I’ve interviewed many brewers in my day, and when asked about their portfolios, nearly every one of them rifles off the same statement: “We brew beers that we want to brew.” This answer’s ubiquity in no way detracts from its authenticity, but it means a lot more for the most recent fermentationist to say it to me, Brian Mitchell of Pariah Brewing Company (3052 El Cajon Boulevard, North Park). Doing things his way doesn’t mean daring to brew a lager in ale-town San Diego, brewing gluten-free beers or shooting for extreme alcohol-by-volume. His family of beers—which will make their official debut at a trio of grand-opening sessions (which are nearly sold out) next weekend, before Pariah’s tasting room opens to the public on Sunday, February 12—are unlike anything being brewed anywhere in San Diego, or pretty much anywhere else.
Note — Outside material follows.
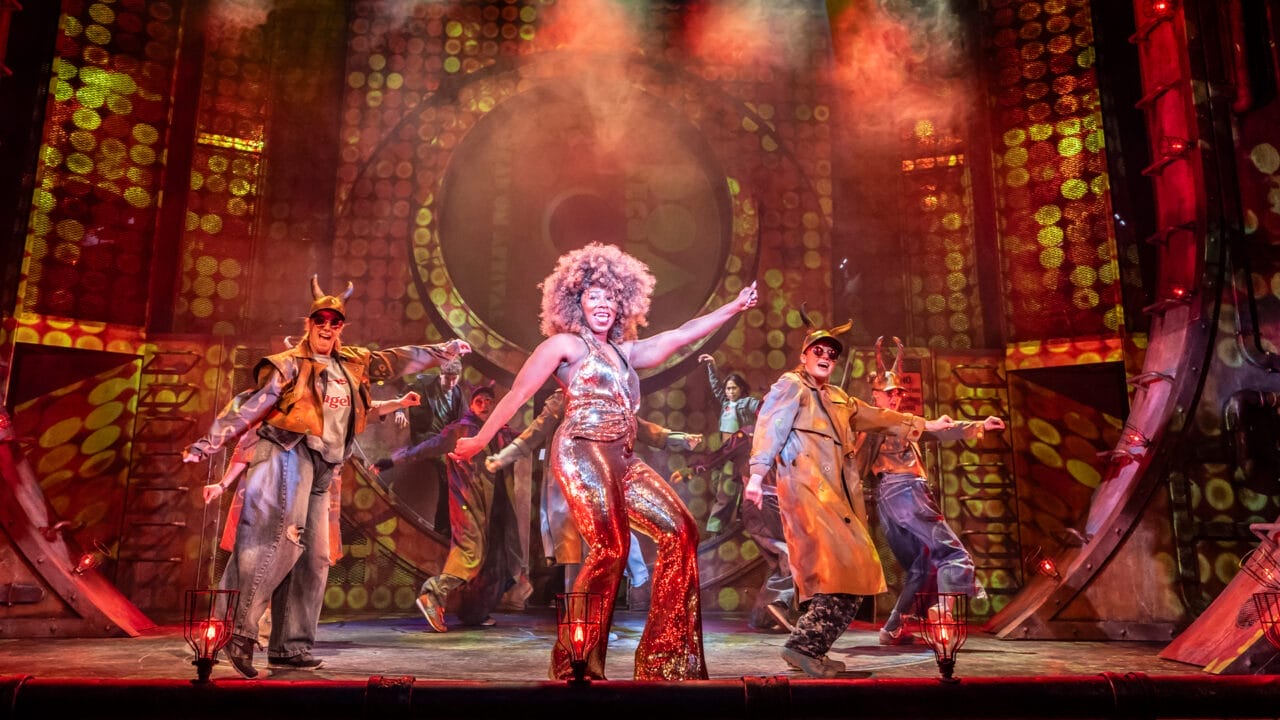 A performer in a gold sequin outfit dances center stage with backup dancers in costumes, under dramatic lighting and colorful stage effects inspired by The Lightning Thief: The Percy Jackson musical.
Of the six beers that will be on-tap when Pariah opens, the tamest is Off-White Wit, a Belgian-style witbier inspired by Taiwanese boba tea. Honey, green tea, lemongrass, ginger and orange find their way into this exotic brew, but Mitchell leaves out one of this style’s most traditional ingredients, coriander. The result is a wheat beer with herbal notes versus overbearing citrus character. On the opposite side of the spectrum is Uni Stout…and it’s just what it sounds like, a take on an oyster stout brewed with lacto-sugar, sea salt and fresh sea urchin gonads from Catalina Offshore Products. The sea fare (added in the whirlpool) combats some of the sweetness, drying things out and leaving flavors of chocolate and pumpernickel behind. It makes Dorcha, a nicely balanced stout brewed with molasses, cacao nibs and a proprietary blend of coffee from Bird Rock Coffee Roasters seem everyday by comparison.

There is one traditional beer on the board, a West Coast IPA fortified with Amarillo and Mosaic hops that’s been cleverly dubbed Dank Drank. Dry with a lasting lemon pithiness, it’s 6.66% ABV and comes in at 66 on the IBU (international bittering unit) scale. But even it is offset by a more avant-garde IPA that’s brewed with mangoes, peach-flesh and hemp oil. Mitchell hates fruit IPAs produced by “certain local companies” and aimed to use real fruit (versus extract) to marry with and amplify the qualities of the hops used for this beer. The result is an IPA with malt character reminiscent of a Pacific Northwest IPA and heavy tropical flavors.

The most ambitious of the lot is Erotic City. The name is inspired by the dearly departed “Purple One”, while the recipe for this strong ale resulted from a challenge issued by Mitchell’s wife, who wanted a beer brewed with Muscat grapes, honey and grains of paradise. The resulting beer is big on grape flavor, but low on the mustiness that typically accompanies wine-grape beers. There is some sweetness, as one would expect, but I’ts earthy and honey-like as opposed to cloying. This is a beer for adventurous drinkers, but that seems to be the point at Pariah.

And these aren’t specialties or one-offs. The beers described above comprise Pariah’s core-beer line-up. That’s gutsiness that bleeds over into Dogfish Head territory. (Erotic City actually closely resembles Dogfish’s “ancient ale” Midas Touch.) That Delaware-based veteran brewing company has been manufacturing “off-centered ales for off-centered people” for 21 years, growing into the 16th largest craft brewery in the country in the process. Mitchell’s aspirations aren’t that large, however, he does want to grow his business. As such, he has hired employees to handle sales and distribution, something not that many new breweries devote start-up funds to. His business practices seem sounder than many, lending method to what, to beer purists might seem light outright madness.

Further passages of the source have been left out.